[Recorded data — start]

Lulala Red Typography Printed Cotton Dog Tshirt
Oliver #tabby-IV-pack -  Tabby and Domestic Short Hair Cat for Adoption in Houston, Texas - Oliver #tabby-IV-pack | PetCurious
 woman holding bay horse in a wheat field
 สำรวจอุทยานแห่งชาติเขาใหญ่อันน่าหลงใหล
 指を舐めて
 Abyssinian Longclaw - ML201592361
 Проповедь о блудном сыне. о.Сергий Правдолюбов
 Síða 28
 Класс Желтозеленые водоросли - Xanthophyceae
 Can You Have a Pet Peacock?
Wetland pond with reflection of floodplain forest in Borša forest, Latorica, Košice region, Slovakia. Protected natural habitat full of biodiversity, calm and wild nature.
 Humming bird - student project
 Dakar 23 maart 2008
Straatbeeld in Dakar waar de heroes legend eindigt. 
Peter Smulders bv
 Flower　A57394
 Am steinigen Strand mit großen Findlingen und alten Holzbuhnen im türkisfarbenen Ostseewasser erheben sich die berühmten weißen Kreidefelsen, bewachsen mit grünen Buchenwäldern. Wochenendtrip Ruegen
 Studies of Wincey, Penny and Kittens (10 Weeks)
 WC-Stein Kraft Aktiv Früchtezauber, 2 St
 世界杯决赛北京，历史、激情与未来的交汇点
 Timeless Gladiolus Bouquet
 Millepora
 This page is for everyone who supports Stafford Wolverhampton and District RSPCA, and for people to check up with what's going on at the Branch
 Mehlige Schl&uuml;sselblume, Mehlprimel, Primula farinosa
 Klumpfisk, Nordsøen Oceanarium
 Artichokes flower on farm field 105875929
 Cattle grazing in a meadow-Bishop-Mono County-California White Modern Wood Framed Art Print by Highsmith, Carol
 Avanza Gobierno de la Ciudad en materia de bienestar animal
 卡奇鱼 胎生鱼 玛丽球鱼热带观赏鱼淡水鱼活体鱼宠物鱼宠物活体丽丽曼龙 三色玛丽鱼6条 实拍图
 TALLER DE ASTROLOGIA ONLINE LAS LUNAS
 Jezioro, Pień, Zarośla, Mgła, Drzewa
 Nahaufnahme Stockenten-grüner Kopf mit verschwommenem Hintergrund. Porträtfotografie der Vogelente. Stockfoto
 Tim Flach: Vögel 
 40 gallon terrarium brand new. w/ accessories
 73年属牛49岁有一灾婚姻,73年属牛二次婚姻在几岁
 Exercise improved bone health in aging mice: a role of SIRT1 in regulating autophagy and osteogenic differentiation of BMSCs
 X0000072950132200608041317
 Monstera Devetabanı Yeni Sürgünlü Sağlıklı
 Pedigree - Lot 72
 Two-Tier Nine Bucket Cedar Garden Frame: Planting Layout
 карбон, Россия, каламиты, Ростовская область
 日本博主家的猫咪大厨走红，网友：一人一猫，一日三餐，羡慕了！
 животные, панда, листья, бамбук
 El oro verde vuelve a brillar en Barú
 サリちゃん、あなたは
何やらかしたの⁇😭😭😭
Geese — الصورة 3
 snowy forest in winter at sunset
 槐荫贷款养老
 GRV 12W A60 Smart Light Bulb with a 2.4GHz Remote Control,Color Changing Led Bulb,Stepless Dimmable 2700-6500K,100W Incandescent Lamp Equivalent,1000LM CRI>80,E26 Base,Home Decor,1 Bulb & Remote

[Recorded data — finish]

• **Exercise instructions**
Copy out only the lines of the records above from the one with "Artichokes flower on farm field 105875929" through the one with "X0000072950132200608041317", exactly as they stand, both included.

• **Solution**
 Artichokes flower on farm field 105875929
 Cattle grazing in a meadow-Bishop-Mono County-California White Modern Wood Framed Art Print by Highsmith, Carol
 Avanza Gobierno de la Ciudad en materia de bienestar animal
 卡奇鱼 胎生鱼 玛丽球鱼热带观赏鱼淡水鱼活体鱼宠物鱼宠物活体丽丽曼龙 三色玛丽鱼6条 实拍图
 TALLER DE ASTROLOGIA ONLINE LAS LUNAS
 Jezioro, Pień, Zarośla, Mgła, Drzewa
 Nahaufnahme Stockenten-grüner Kopf mit verschwommenem Hintergrund. Porträtfotografie der Vogelente. Stockfoto
 Tim Flach: Vögel 
 40 gallon terrarium brand new. w/ accessories
 73年属牛49岁有一灾婚姻,73年属牛二次婚姻在几岁
 Exercise improved bone health in aging mice: a role of SIRT1 in regulating autophagy and osteogenic differentiation of BMSCs
 X0000072950132200608041317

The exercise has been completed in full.